## Task directions
Only the pictures are to be dropped; return all other data below exactly.

Images for object localization:
§ §
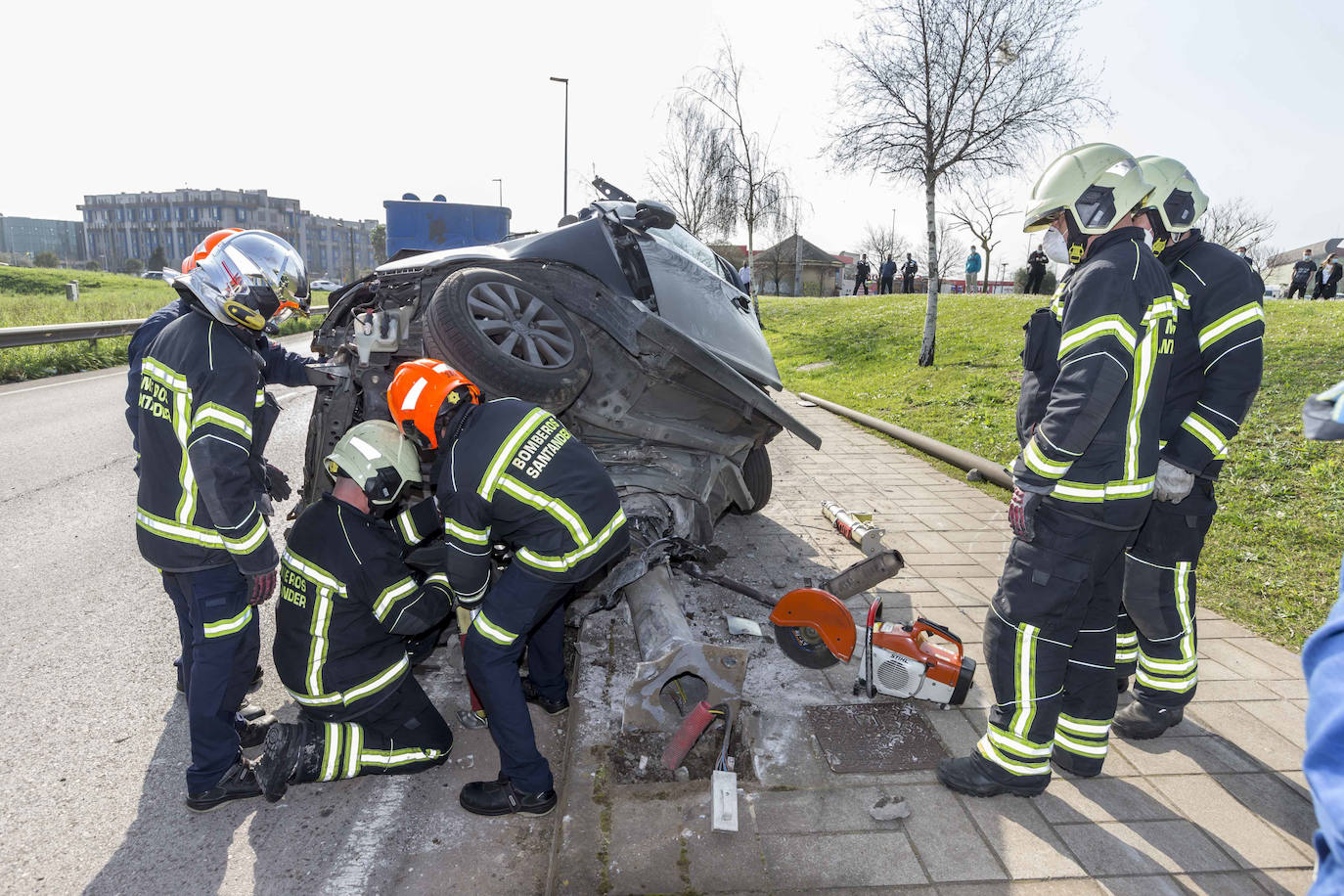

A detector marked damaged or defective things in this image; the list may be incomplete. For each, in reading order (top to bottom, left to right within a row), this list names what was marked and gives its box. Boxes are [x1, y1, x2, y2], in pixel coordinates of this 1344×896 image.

overturned black car [301, 180, 822, 728]
severely damaged vehicle [303, 178, 822, 732]
cracked concrete sidewalk [548, 395, 1322, 892]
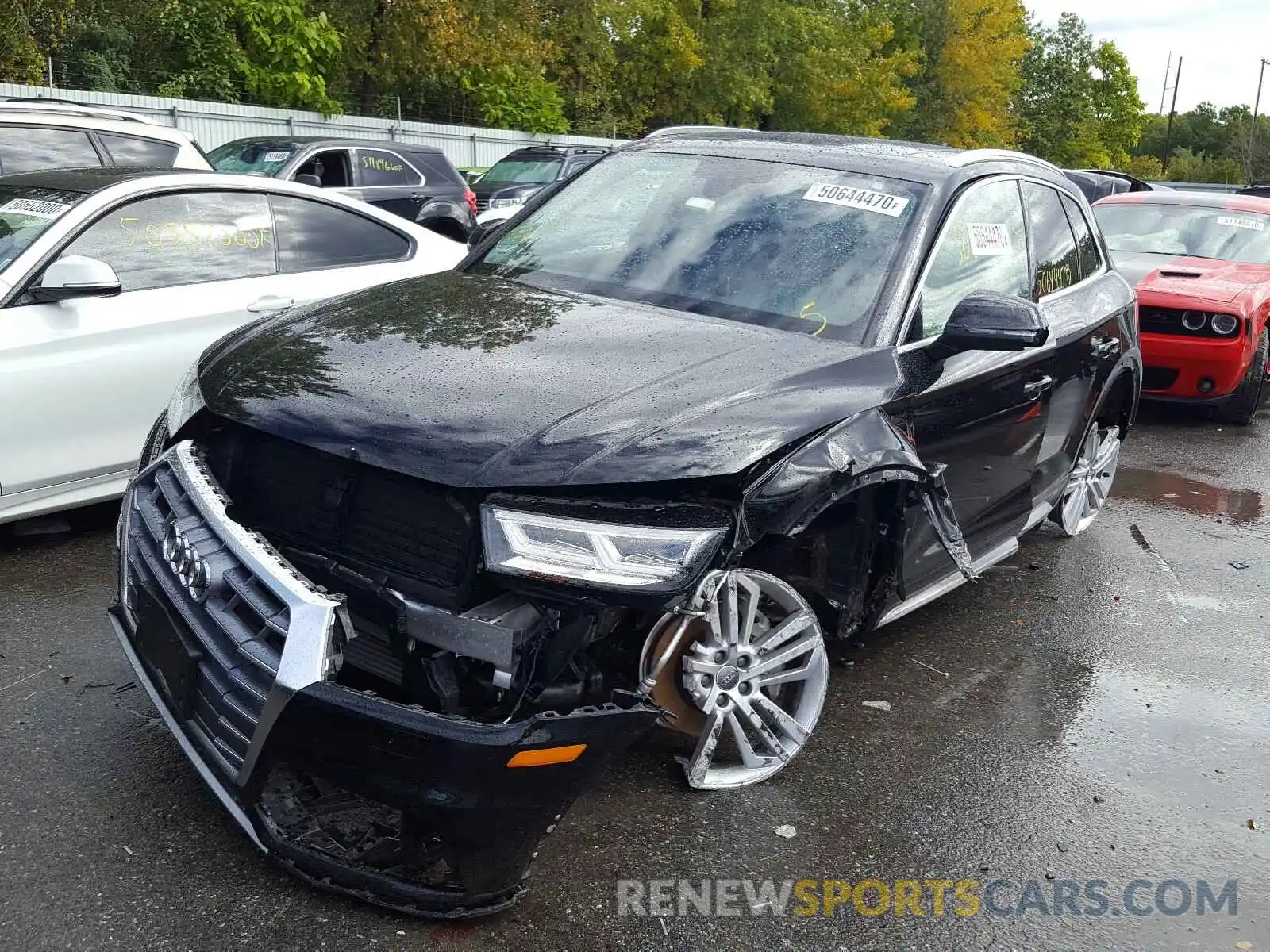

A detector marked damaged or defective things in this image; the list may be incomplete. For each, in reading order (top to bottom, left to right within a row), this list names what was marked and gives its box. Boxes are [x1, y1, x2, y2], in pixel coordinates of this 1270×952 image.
§ §
## Exercise response
A detector marked damaged or defective things in this image; the list may be incomplete. For each, in reading order (top to bottom, left to right within a row), this list names what was marked and gives its box. Boxes are [x1, y1, x2, y2], in pixel coordinates of this 1344×896 image.

overturned black car [301, 180, 822, 728]
severely damaged vehicle [303, 178, 822, 732]
cracked concrete sidewalk [548, 395, 1322, 892]

A detector marked damaged or defective things in this image; the list may be incomplete. For each, in reading order (top to bottom, left to right within a row), this list names what was marked and gives its box. Boxes are [x1, y1, x2, y2], in pixel coordinates of this 1270×952 image.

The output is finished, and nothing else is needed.